Joining two midpoints of sides of a triangle

Task

Suppose $ABC$ is a triangle. Let $M$ be the midpoint of $\overline{AB}$ and $\ell$ the line through $M$ parallel to $\overleftrightarrow{AC}$:

1. Show that angle $CAB$ is congruent to angle $PMB$ and that angle $BPM$ is congruent to angle $BCA$. Conclude that triangle $MBP$ is similar to triangle $ABC$.
2. Use part (a) to show that $P$ is the midpoint of $\overline{BC}$.

IM Commentary

This task is closely related to very important material about similarity and ratios in geometry. In this case, the point $M$ selected on the triangle $ABC$ is the midpoint of $\overline{AB}$. More generally, consider the picture below:

Here $F$ is any point on $\overline{AB}$ (other than one of the endpoints) and $G$ is the point on $\overline{BC}$ so that $\overleftrightarrow{FG}$ parallel to line $\overleftrightarrow{AC}$. Then we have the relationship

$$\frac{|FA|}{|AB|} = \frac{|GC|}{|BC|}.$$ The converse of this result holds as well: if $F$ is a point on $\overline{AB}$ and $G$ is a point on $\overline{BC}$ so that the above equality holds then then $\overleftrightarrow{FG}$ is parallel to $\overleftrightarrow{AC}$.

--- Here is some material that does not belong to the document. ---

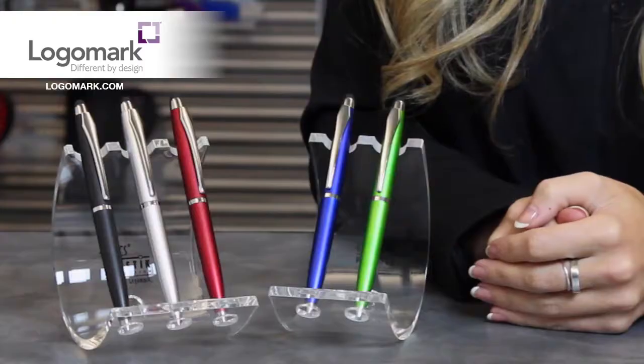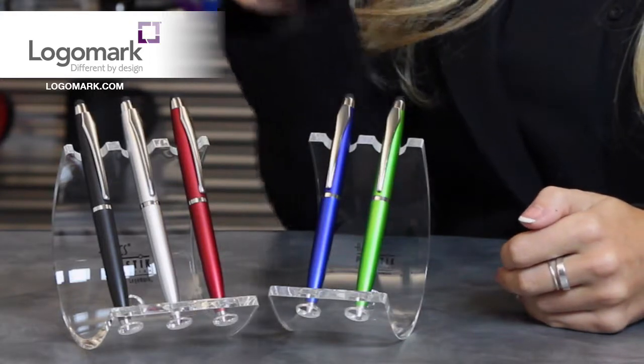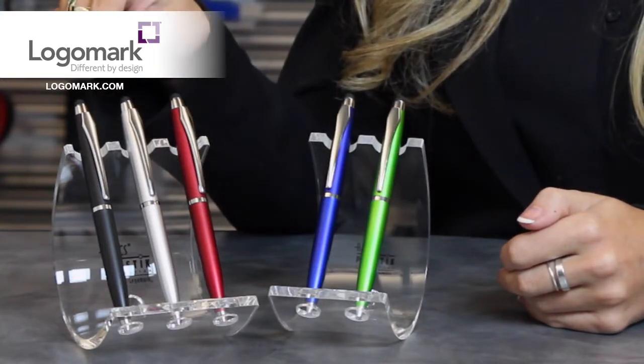Hi, Kelly Rugg here from LogoMark, and you're sure to love the BB 2020 Twist Action Ballpoint Pen and Stylus. These pens have a matte finish that come in five different colors: green, blue, red, silver, or black.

The argument presented here for midpoints works also in the more general setting mentioned in the above paragraph. Essential to this argument is the use of the AAA criterion for triangle similarity, G-SRT.3. The task can be used for assessment provided students are aware that they may use the AAA result in part (b) of this problem.

Solution

1. We require two auxiliary points on line $\ell$: a point $D$ so that $M$ is between $P$ and $D$ and a point $E$ so that $P$ is between $M$ and $E$ as in the picture below

   

   Lines $\ell$ and $\overleftrightarrow{AC}$ are parallel and $\overleftrightarrow{AB}$ is a transverse for these parallel lines. Therefore angle $CAB$ is congruent to angle $DMA$ since these are alternate interior angles for a transverse meeting parallel lines. Angle $DMA$ is congruent to angle $PMB$ by the vertical angle theorem. So angle $CAB$ is congruent to angle $PMB$.

   The same argument will show that angles $BPM$ and $BCA$ are congruent: angle $BCA$ is congruent to angle $EPC$ (alternate interior angles) and angle $EPC$ is congruent to angle $BPM$ (vertical angles) establishing that angles $BCA$ and $BPM$ are congruent.

   We have $m(\angle ABC) = m(\angle MBP)$ since these are the same angles. Therefore the triangles $MBP$ and $ABC$ share three congruent angles and they are similar triangles. Alternatively, we could stop after producing two congruent angles and use the AA criterion for similarity of triangles.

2. Since triangles $MBP$ and $ABC$ are similar it follows that $$\frac{|PB|}{|CB|} = \frac{|BM|}{|BA|}.$$ Since $M$ is the midpoint of $\overline{BA}$, we have $\frac{|BM|}{|BA|} = \frac{1}{2}$ and so $\frac{|PB|}{|CB|} = \frac{1}{2}$ which means that $P$ is the midpoint of segment $\overline{CB}$.